3DStyleGLIP: Part-Tailored Text-Guided 3D Neural Stylization
SeungJeh Chung, JooHyun Park, HyeongYeop Kang
TL;DR
3DStyleGLIP enables fine-grained, text-guided stylization of 3D objects by grounding and manipulating individual mesh parts in GLIP's embedding space. It jointly learns part localization and appearance control through SVBRDF, normals, and lighting modeled by neural fields and spherical Gaussians, guided by text prompts that couple style and part phrases. The method introduces a part-level style loss in GLIP space and an optional CLIP-based alternating objective with multi-view fine-tuning, achieving high-quality, part-specific stylizations with robust performance and stability. Experimental results on diverse meshes show superior part-tailored results and user-perceived alignment to prompts compared with baselines, underscoring practical value for customizable 3D content creation.
Abstract
3D stylization, the application of specific styles to three-dimensional objects, offers substantial commercial potential by enabling the creation of uniquely styled 3D objects tailored to diverse scenes. Recent advancements in artificial intelligence and text-driven manipulation methods have made the stylization process increasingly intuitive and automated.

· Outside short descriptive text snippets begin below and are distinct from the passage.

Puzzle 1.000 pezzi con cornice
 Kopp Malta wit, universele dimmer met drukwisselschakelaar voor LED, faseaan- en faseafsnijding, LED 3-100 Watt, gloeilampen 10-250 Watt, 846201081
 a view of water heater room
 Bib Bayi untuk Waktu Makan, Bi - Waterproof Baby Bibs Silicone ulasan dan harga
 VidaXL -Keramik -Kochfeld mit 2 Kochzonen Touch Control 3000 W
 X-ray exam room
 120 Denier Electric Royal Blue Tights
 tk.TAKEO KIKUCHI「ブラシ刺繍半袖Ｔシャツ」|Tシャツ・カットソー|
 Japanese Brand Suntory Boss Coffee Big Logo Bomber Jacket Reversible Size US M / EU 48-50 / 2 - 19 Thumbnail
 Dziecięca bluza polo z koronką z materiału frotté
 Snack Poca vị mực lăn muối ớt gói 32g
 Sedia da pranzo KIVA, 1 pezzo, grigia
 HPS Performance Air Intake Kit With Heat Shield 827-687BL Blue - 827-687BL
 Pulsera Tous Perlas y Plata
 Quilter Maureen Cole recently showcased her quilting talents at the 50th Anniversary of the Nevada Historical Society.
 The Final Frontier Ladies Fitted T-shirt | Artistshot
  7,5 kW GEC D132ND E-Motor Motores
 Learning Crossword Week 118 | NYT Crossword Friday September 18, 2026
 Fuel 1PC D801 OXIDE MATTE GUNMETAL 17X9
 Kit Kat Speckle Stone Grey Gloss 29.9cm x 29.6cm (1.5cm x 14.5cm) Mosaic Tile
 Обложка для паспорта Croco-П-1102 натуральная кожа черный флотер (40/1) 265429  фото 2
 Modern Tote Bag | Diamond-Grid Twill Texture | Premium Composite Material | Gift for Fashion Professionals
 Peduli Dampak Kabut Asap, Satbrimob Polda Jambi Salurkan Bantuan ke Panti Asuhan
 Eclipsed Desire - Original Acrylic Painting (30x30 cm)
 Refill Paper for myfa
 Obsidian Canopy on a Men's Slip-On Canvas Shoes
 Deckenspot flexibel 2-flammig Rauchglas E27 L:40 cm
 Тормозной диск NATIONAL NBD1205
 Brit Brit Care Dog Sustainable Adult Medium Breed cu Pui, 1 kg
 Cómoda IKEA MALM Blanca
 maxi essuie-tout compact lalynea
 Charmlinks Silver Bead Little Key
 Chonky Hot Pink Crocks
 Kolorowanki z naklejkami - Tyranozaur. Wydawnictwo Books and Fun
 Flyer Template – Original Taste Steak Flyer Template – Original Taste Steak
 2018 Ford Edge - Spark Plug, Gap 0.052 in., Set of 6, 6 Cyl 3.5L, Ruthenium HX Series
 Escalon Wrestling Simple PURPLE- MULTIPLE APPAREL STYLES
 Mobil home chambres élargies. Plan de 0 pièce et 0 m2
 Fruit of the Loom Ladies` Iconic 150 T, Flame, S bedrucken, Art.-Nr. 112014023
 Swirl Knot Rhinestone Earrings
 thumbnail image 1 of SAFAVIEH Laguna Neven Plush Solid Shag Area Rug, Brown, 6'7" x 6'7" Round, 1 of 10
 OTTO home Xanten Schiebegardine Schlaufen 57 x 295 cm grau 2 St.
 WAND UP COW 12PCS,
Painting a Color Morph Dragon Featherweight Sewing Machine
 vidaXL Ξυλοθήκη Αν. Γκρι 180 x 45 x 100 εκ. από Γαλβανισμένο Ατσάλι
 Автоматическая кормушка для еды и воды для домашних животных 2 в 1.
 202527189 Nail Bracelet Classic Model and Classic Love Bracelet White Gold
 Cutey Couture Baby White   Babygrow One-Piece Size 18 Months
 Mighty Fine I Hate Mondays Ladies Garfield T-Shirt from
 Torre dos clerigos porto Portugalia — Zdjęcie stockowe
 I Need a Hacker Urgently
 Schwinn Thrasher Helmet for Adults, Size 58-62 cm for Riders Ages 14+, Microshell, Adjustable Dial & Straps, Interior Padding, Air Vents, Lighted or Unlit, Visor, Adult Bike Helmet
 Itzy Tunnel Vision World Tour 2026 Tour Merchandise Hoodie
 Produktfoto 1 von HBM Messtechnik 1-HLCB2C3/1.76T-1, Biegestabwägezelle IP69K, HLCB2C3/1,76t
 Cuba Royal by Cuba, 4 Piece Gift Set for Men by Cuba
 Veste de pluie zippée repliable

While these methods reduce human costs by minimizing reliance on manual labor and expertise, they predominantly focus on holistic stylization, neglecting the application of desired styles to individual components of a 3D object. This limitation restricts the fine-grained controllability. To address this gap, we introduce 3DStyleGLIP, a novel framework specifically designed for text-driven, part-tailored 3D stylization. Given a 3D mesh and a text prompt, 3DStyleGLIP utilizes the vision-language embedding space of the Grounded Language-Image Pre-training (GLIP) model to localize individual parts of the 3D mesh and modify their appearance to match the styles specified in the text prompt. 3DStyleGLIP effectively integrates part localization and stylization guidance within GLIP's shared embedding space through an end-to-end process, enabled by part-level style loss and two complementary learning techniques. This neural methodology meets the user's need for fine-grained style editing and delivers high-quality part-specific stylization results, opening new possibilities for customization and flexibility in 3D content creation. Our code and results are available at https://github.com/sj978/3DStyleGLIP.